Dicono Venturini e Vannetti che la penetrazione online su Valentino sia aumentata del 55 per cento nell’ultimo anno, e che aver intrattenuto il pubblico al di là della vendita di capi abbia prodotto risultati molto interessanti: la durata media di una sessione da desktop è ormai pari a 8 minuti e 16 secondi, da smartphone di 4 minuti e dieci secondi. Certo, si tratta di un impegno a tutto campo micidiale, del tutto sconosciuto ad altri settori dell’industria che pure investono molto di più di Valentino in termini di media planning e spending. Ma qui si lavora sugli asset intangibili, non sul consumo di merendine, e se l’earn media value del brand è aumentato del 65 per cento fra il luglio 2020 e questa estate, una ragione ci sarà, ed è in questo attivismo sorridente ma anche senza requie, perfino editoriale: nell’ultimo anno e mezzo, Valentino ha pubblicato tre volumi, andati esauriti. “La relazione con il cliente non parte quando entra in negozio e non finisce quando ne esce”, dice Venturini. “Inizia molto prima, cioè quando si condividono valori, estetica, interessi. Le aziende di moda sono sempre più assimilabili a società di entertainment: crei un desiderio e un effetto di evasione. Questo deve accadere in ogni momento”. Anche molto dopo.

   

Nasce infatti in questa logica il progetto “Valentino Vintage” che prenderà le mosse a breve, toccando in contemporanea Milano, Tokyo, Los Angeles e New York (gli Stati Uniti continuano ad essere il primo mercato straniero per la griffe, nonostante siano previste nuove aperture in Cina).
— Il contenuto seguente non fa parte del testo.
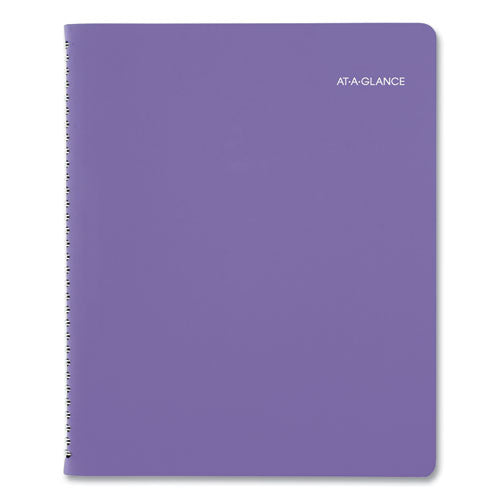 Beautiful Day Weekly/monthly Planner, Vertical-column Format, 11 X 8.5, Purple Cover, 13-month: Jan 2025 To Jan 2026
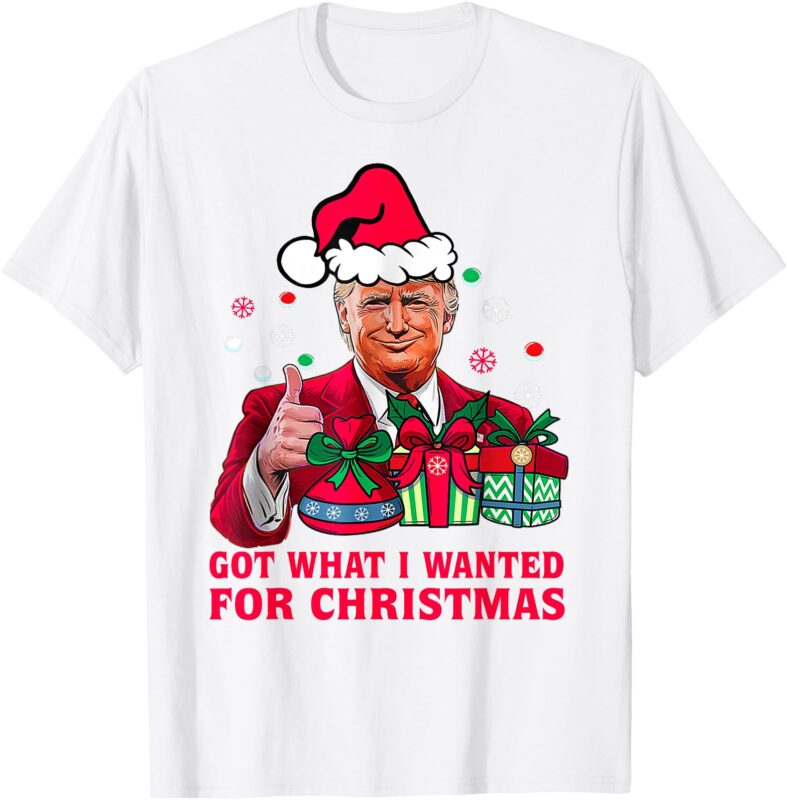 Got What I Wanted For Christmas – Trump 2024 Won President T-Shirt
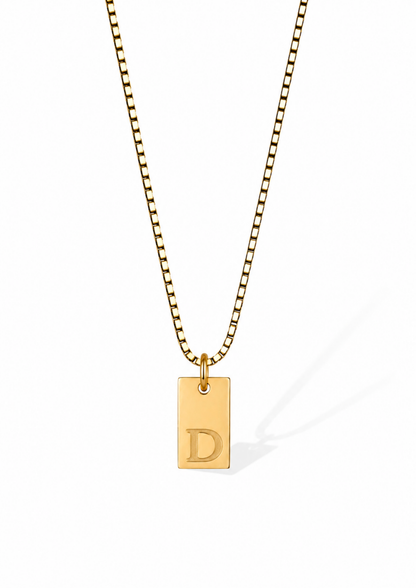 Alpha Halskette I Gold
Trovare collezionisti e mercanti di abiti vintage o “preloved” all’altezza pare non sia stato facile. A Milano è stata scelta Madame Pauline in foro Buonaparte. A Roma non ne è stata trovata una. Per qualche tempo (non è ancora stato deciso un cronoprogramma definitivo), gli esperti dei negozi vintage valuteranno e selezioneranno i capi portati dai clienti, offrendo in cambio un buono da spendere nella boutique Valentino più vicina. A partire da gennaio del 2022, il progetto si espanderà a livello internazionale e, per un altro breve periodo, il negozio vintage verrà coinvolto in un take over, consentendo a tutti gli appassionati di acquistare capi e accessori. E’ ovvio che, come nel caso della piattaforma di e-commerce vintage di Gucci, anche in questo caso non si tratta di un’operazione che miri a generare business (non credo di sbagliarmi a calcolare il giro d’affari di queste iniziative in una cifra di molto inferiore al milione di euro), ma di un’iniziativa di marketing valoriale.

   

L’idea della moda usa-e-getta sta scomparendo, mentre prende quota la consapevolezza che acquistare second hand sia uno “scambio interpersonale fra chi ha indossato un certo capo prima di te e chi lo indosserà dopo, come un testimone di esperienze diverse e di lunga vita”. Resta il punto di coniugare la produttività e i ricavi. Terminati i buoni propositi formulati durante il lockdown da tutti i brand, (quasi tutta) la moda ha ricominciato a produrre e moltiplicare le collezioni comme si rien était, come nulla fosse accaduto. Riuscirà mai a riformarsi? “Dipende”, chiosa Venturini: “Esiste un modo di riformarsi che scaturisce naturalmente dalla storia che un marchio ha o che non ha. Ci sono marchi che sono scatole vuote”.